* **PROBLEM REQUIREMENTS**: Each line below should be retyped exactly, with no pictures.

* **DATA BELOW**:
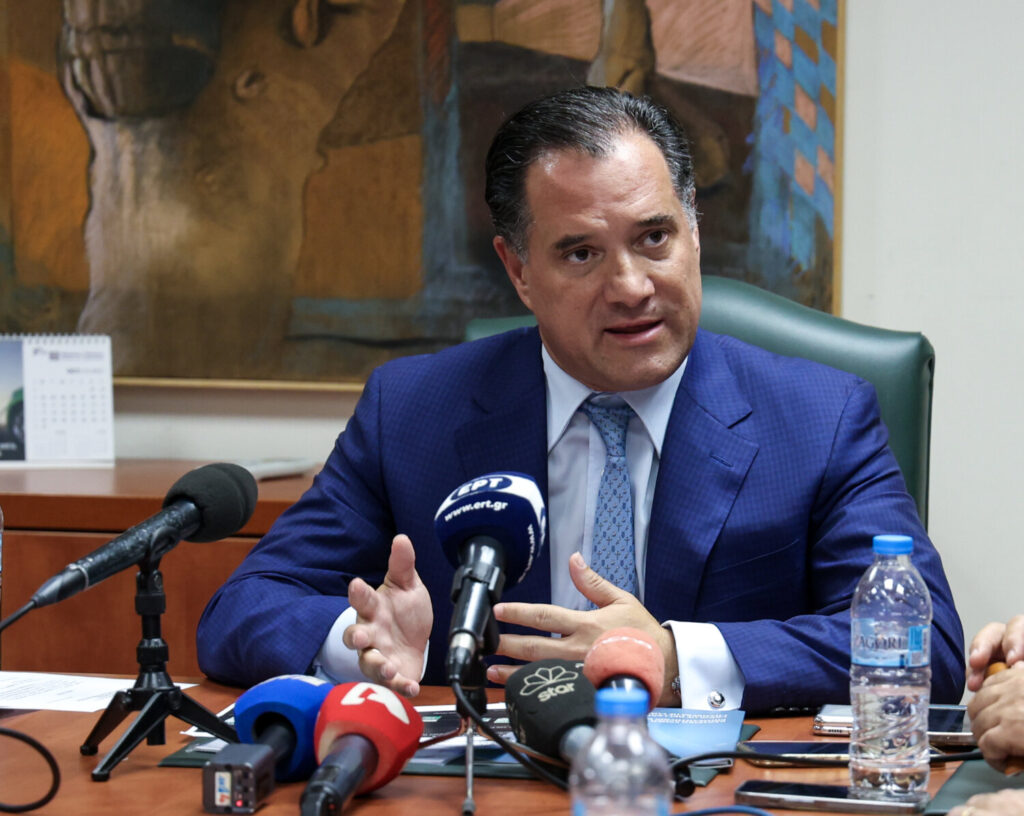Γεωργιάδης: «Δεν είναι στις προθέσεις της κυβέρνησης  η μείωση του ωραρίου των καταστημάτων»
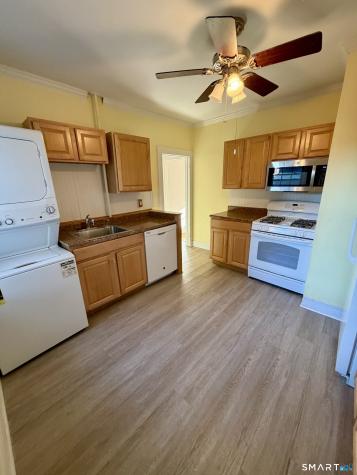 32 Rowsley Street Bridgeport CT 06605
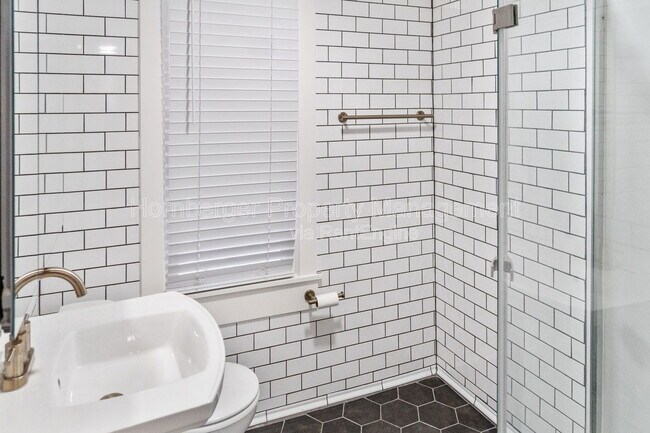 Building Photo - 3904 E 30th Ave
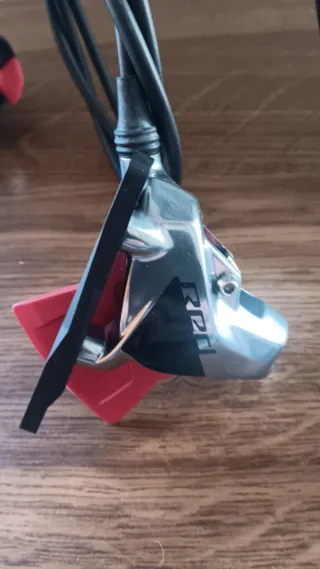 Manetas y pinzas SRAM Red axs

* **ANSWER SECTION**:
Γεωργιάδης: «Δεν είναι στις προθέσεις της κυβέρνησης  η μείωση του ωραρίου των καταστημάτων»
 32 Rowsley Street Bridgeport CT 06605
 Building Photo - 3904 E 30th Ave
 Manetas y pinzas SRAM Red axs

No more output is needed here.